§ About this task
The material below holds pictures, which are to be left out; copy exactly the lines from the one with "Ruth - Red Bingo Card" through the one with "Reebok White Pullover".

§ Given records
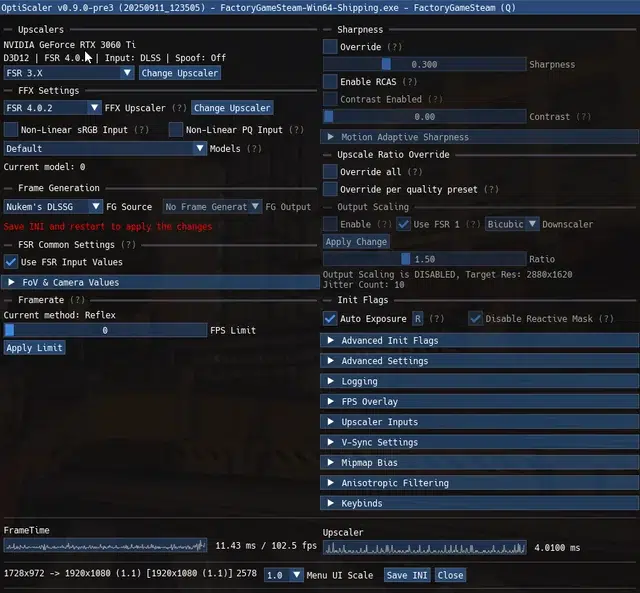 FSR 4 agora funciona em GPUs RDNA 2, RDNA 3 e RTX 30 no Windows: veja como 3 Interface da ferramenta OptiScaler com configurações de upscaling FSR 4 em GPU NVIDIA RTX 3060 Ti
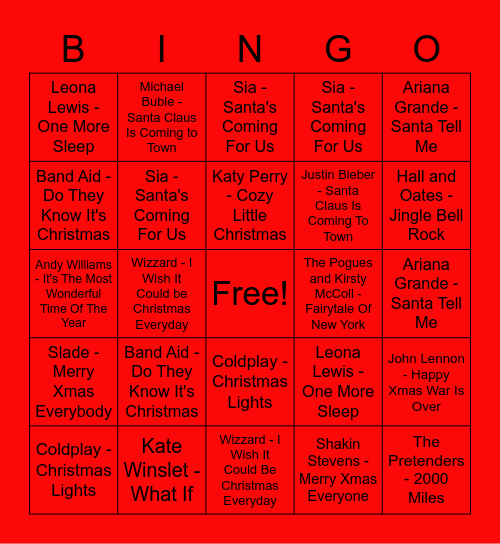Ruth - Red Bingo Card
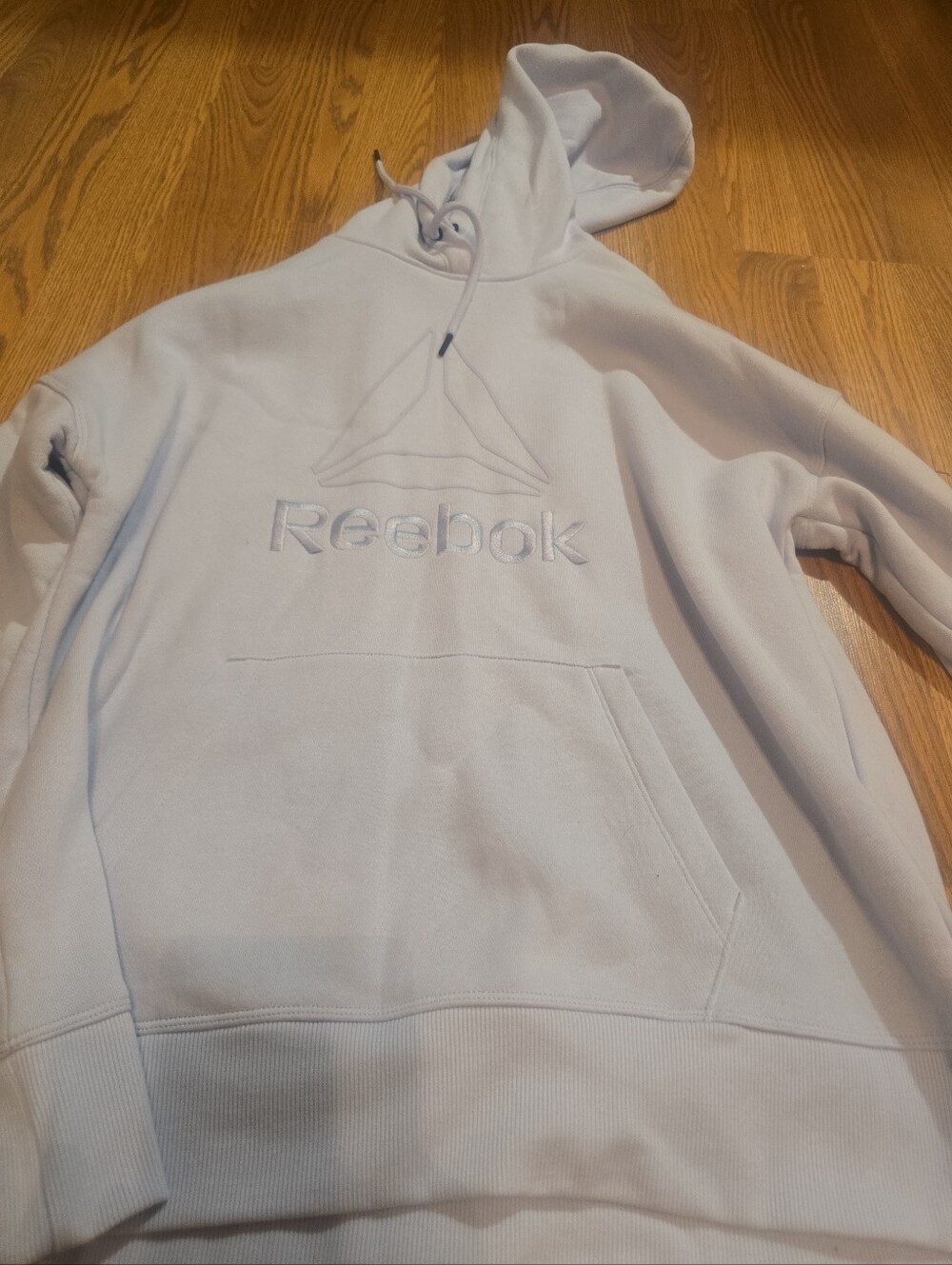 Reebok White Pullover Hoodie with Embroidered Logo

--

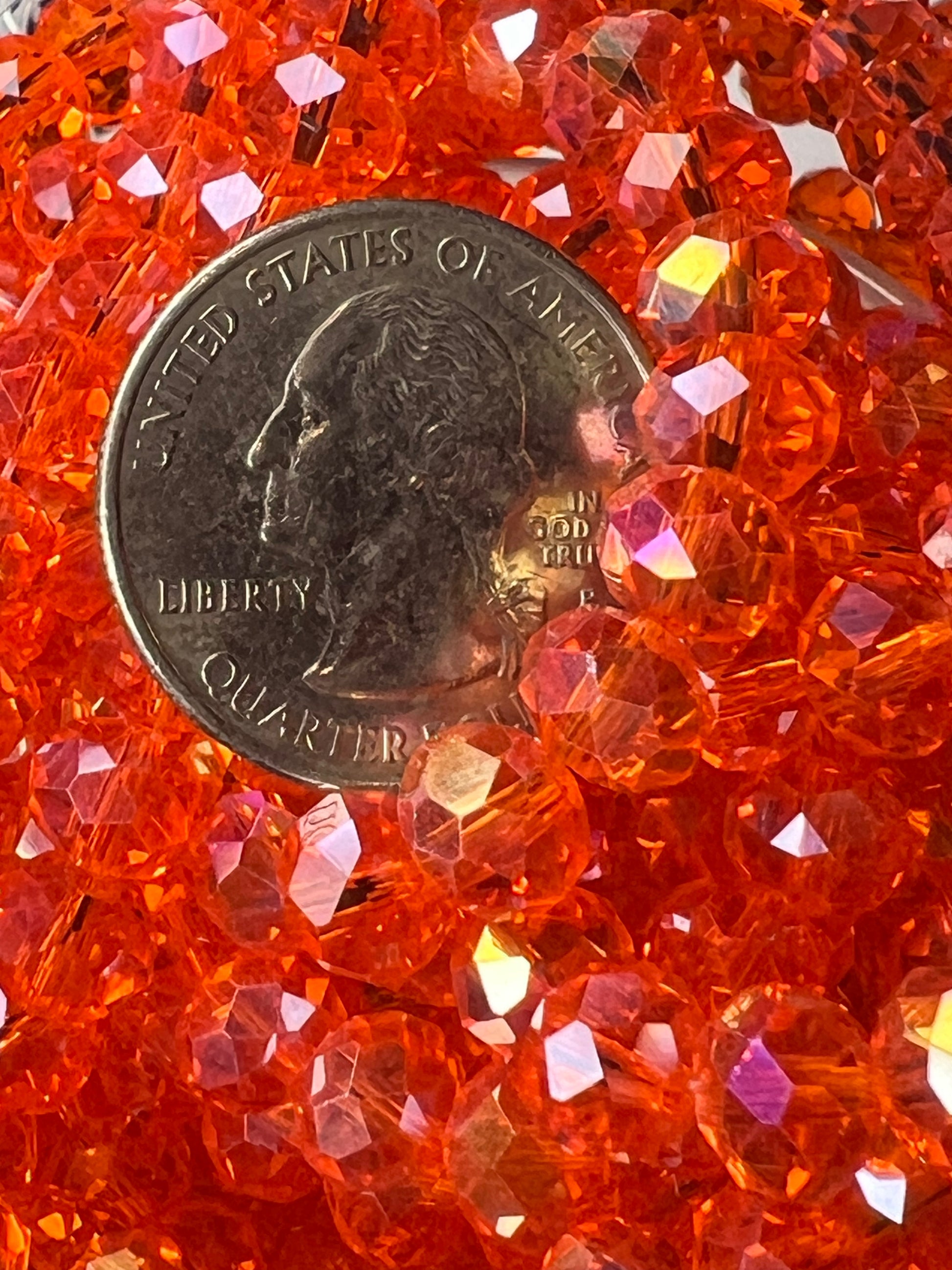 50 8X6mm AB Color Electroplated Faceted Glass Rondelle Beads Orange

...

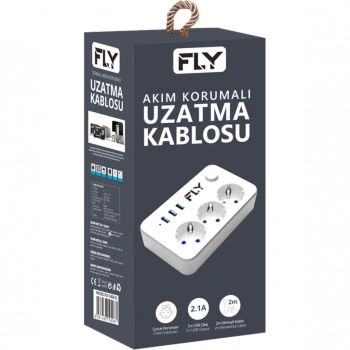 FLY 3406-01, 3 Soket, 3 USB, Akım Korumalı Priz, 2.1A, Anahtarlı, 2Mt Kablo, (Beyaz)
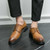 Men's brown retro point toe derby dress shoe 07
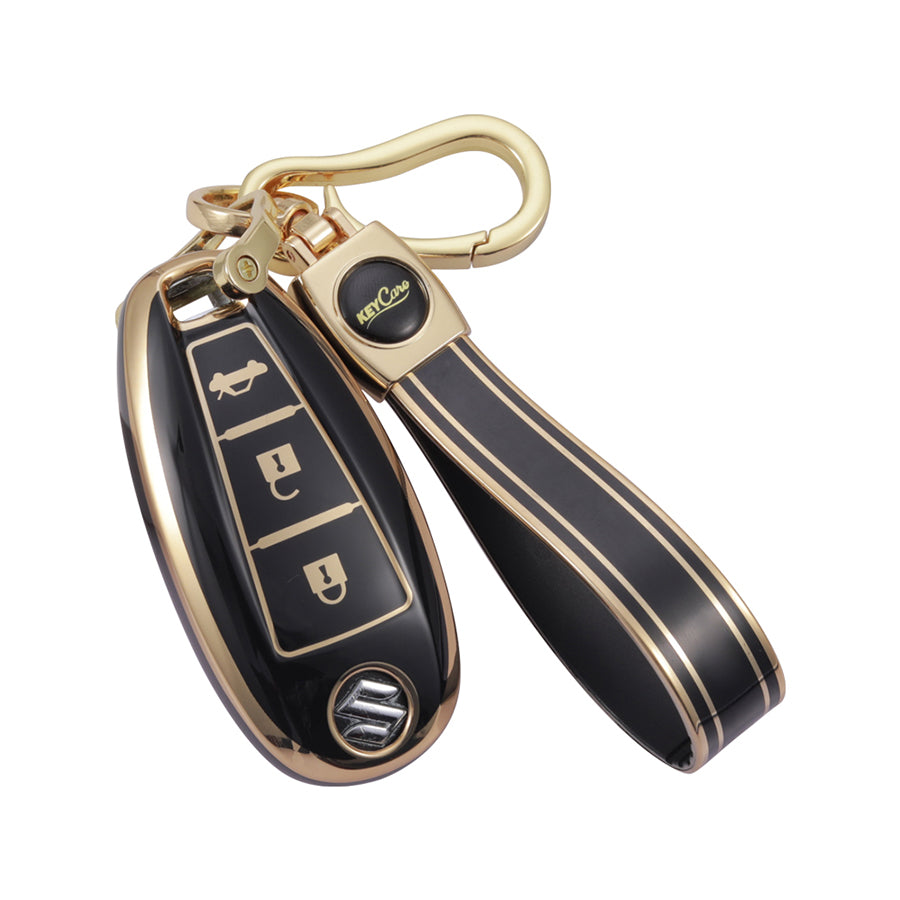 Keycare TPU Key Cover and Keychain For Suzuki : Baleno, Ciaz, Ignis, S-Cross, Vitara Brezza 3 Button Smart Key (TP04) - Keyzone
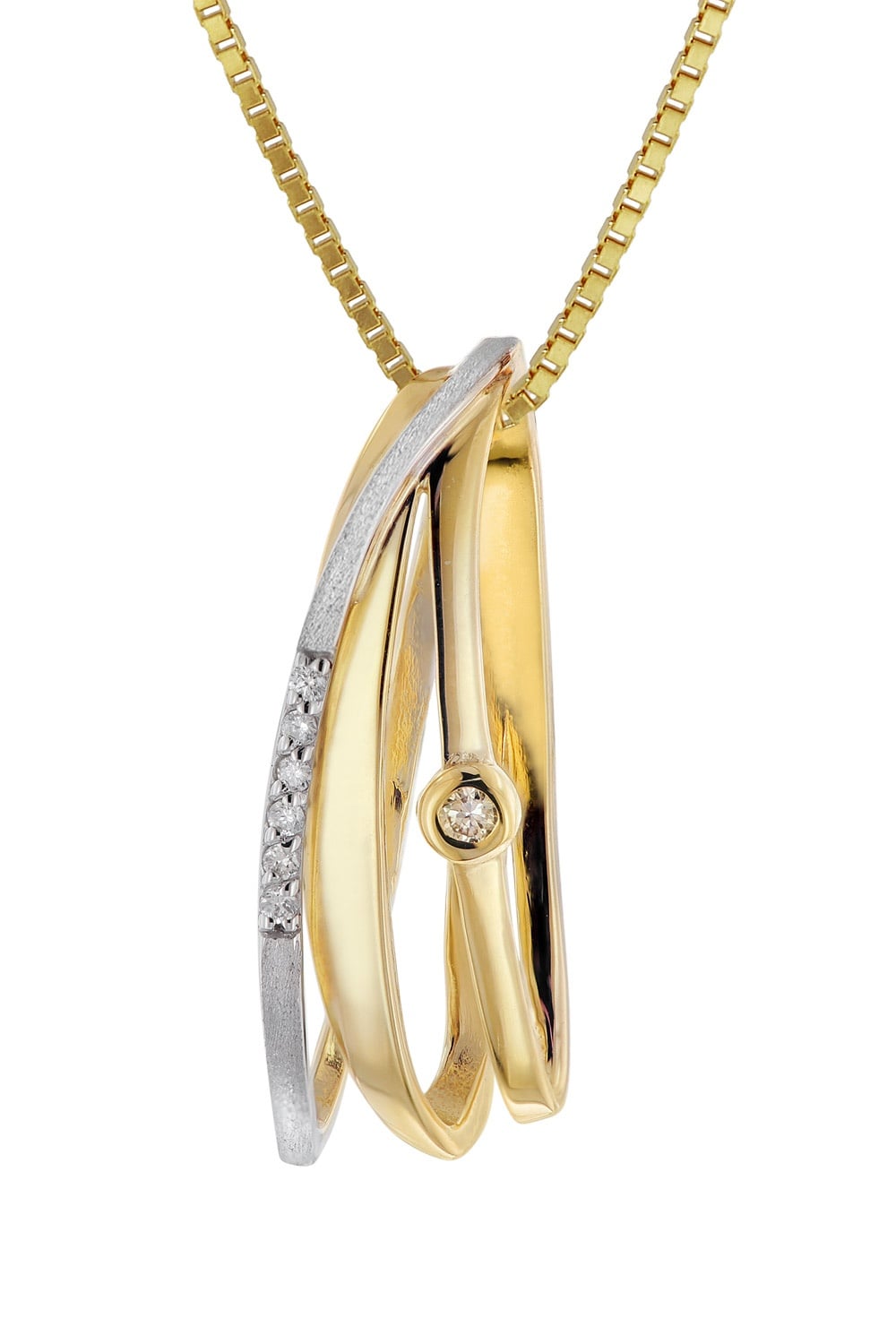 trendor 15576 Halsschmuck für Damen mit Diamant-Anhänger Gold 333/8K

§ Answer section
Ruth - Red Bingo Card
 Reebok White Pullover Hoodie with Embroidered Logo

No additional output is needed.